The colors are really bad, but we're getting very close on the levels. I say this because they are different photoshoots and they're starting to look consistent. Once they're consistent, there's a baseline, and it's just a matter of personal taste from there. In ACR there's sliders for "blacks" and "whites", which seem to adjust shadow and highlight contrast respectively. That's what I'd probably use on most of these. I think there might be something going on with conflicting colorspaces too. They should all be sRGB, but I might have shot some in AdobeRGB.

God these houses are ugly. I should have thought of this before, but I just dug up all the finished shots from my site. I had to do a lot of color adjustments for most of these, so don't get hung up on the colors. Also the finished ones are all straightened out too.



You might be interested in PixInsight. It has a very good HDR merging tool (that is mask based like this technique): http://pixinsight.com/forum/index.php?topic=2320.0

Also, all the sorts of advanced stuff you can do with PixInsight (like PixelMath, image analysis and statistics) seems to me like it would be right up your alley. It's easily extensible and scriptable as well (it's designed that way), you can easily work with linear data and huge precision (64-bit float). Most of the tools and workflows are aimed at astrophotography though.


Ok, something must be wrong with your dngs, A1ex. Maybe the headers. I found that I could save a 32-bit TIF as DNG from ACR (strangely it stays 32-bit). Then I can open it up in ACR and adjust exposure from -10 to 10.



Also noticed the file is twice the size. http://we.tl/Hu3av6SqHg

Your dng is ~84mb, Adobe's is 150. A 32-bit tif is 240. Photomatix produces a 32-bit .hdr file that is 63mb. This works great in ACR, except there's no way to open multiple .hdr files at once in ACR. So frustrating.


From file size, I guess Adobe's DNG is a Linear DNG (that is, demosaiced). Will download and take a look.

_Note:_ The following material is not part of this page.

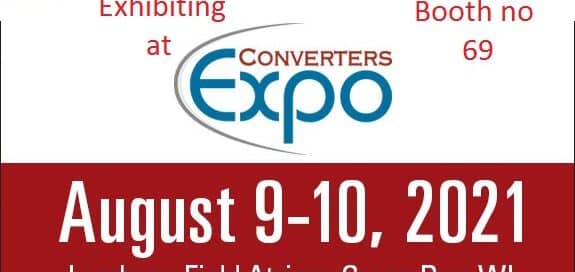 Adhesives Research exhibiting at Converters Expo, Booth 69, August 9-10, 2021, Lambeau Field Atrium, Green Bay, WI.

I found this: http://www.adobe.com/support/downloads/dng/dng_sdk.html

No idea if it's useful. Looking at the source I see interesting things like "dng_mosaic_info.cpp" ("A interpolation kernel for a single pixel of a single plane") and "dng_linearization_info.cpp".

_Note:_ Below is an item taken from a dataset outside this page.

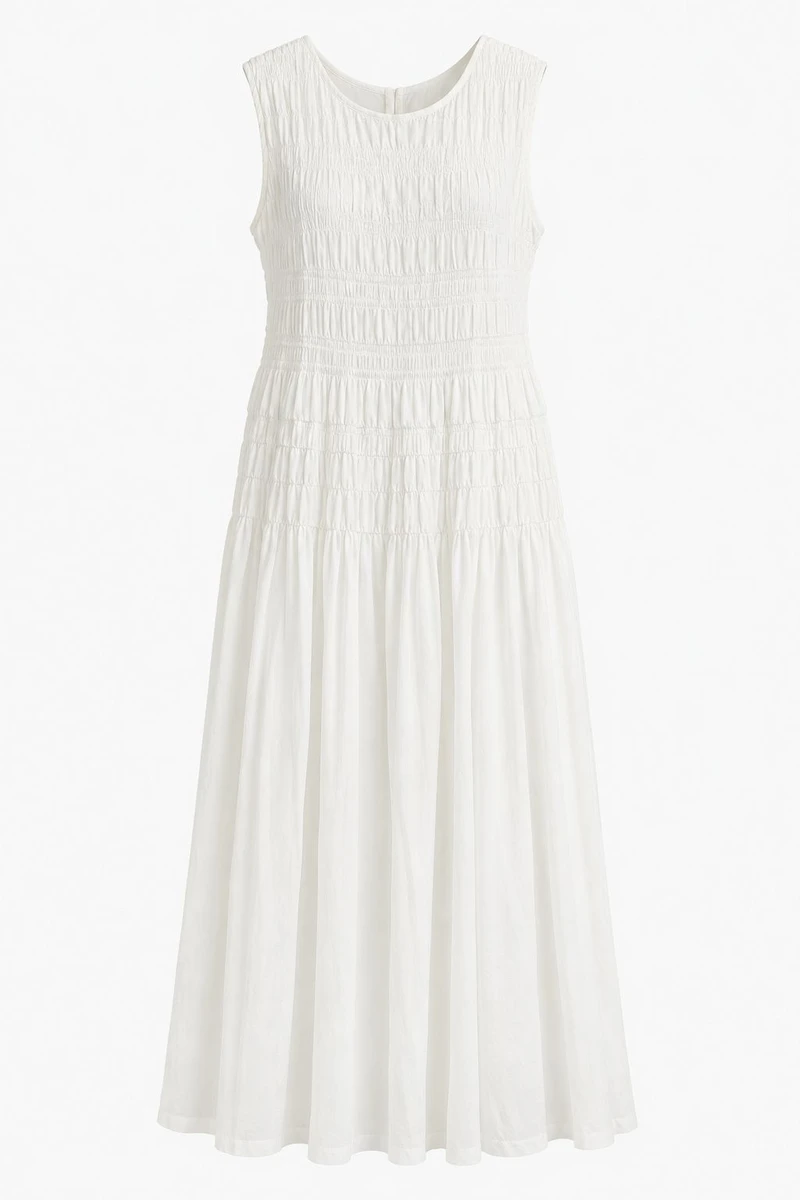 Vestido Elara - Blanco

You can open the DNG with dng_validate.exe from that zip.

Another idea: compress the DNG with Adobe DNG Converter and see if ACR likes it better.


Same after Adobe DNG convertor. I'd tried dng_validate, but it gave me an error message on both your DNG and the one I saved from ACR.

I also confirmed that there seems to be better highlight control in ACR with the Adobe DNG than the ones CeroNoise is making.


CeroNoice does not make any highlight control. I have no idea what you are comparing.

For dng_validate, make sure you have the SDK for DNG 1.4, not earlier.



I tried that in ACR already. No effect. (The options for those of you who don't have ACR and can't read moonspeak are "Linear (demosaiced)" and "Uncompressed".)

QuoteCeroNoice does not make any highlight control. I have no idea what you are comparing

I'm talking about the sliders in ACR. The exposure control goes from -5 to +5 with your dng and -10 to +10 with Adobe's, but I wasn't sure if that was really meaningful until I tested with a few of the sliders in ACR.